LANSING, Mich. — Sens. Ed McBroom and Jeremy Moss on Tuesday testified before the Senate Oversight Committee in conjunction with Sunshine Week to support legislation that would increase transparency in state government.

“A functional republic needs citizens to have confidence in their government,” said McBroom, R-Waucedah Township. “In these times, when so much of that confidence is eroded by lack of transparency in government, real corruption, and those spreading malicious conspiracies, we should make every effort to build back trust by shining a bright light of accountability on even the mundane work of our elected leaders.”

Senate Bills 232-241 would add the offices of governor and lieutenant governor to the Michigan Freedom of Information Act, as well as create the Legislative Open Records Act (LORA).

LORA would allow residents to request legislative records from the House and Senate but would only apply to records created after Jan. 1, 2022. The legislation also would provide for certain exemptions — mostly limited to personal information — including:

  • All constituent communications.
  • Personal records that would result in an unwarranted invasion of privacy, including Human Resources files and internet use records.
  • Advisory communications preliminary to a final policy determination or action.
  • Communications with Michigan Legislative Service Bureau bill drafters.
  • Records exclusively maintained by the majority or minority caucuses.

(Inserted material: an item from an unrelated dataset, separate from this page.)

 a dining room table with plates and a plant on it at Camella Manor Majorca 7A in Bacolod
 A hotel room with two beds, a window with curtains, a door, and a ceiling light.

The Center for Public Integrity ranked Michigan dead last in government accountability and integrity in their 2015 report. The state failed 10 out of 13 possible categories, including “public access to information, executive accountability, lobbying disclosure, and political financing.” Michigan is also one of two states that don’t subject their legislatures, governor’s office, or both to FOIA.

“For the past seven years, Sen. McBroom and I have been working tirelessly to shine a light on the inner workings of state government so our constituents can better understand how their elected officials are conducting business in Lansing,” said Moss, D-Southfield. “This government runs on taxpayer dollars. Public servants should not be shielded by the law when they are paid and elected by the people of Michigan.”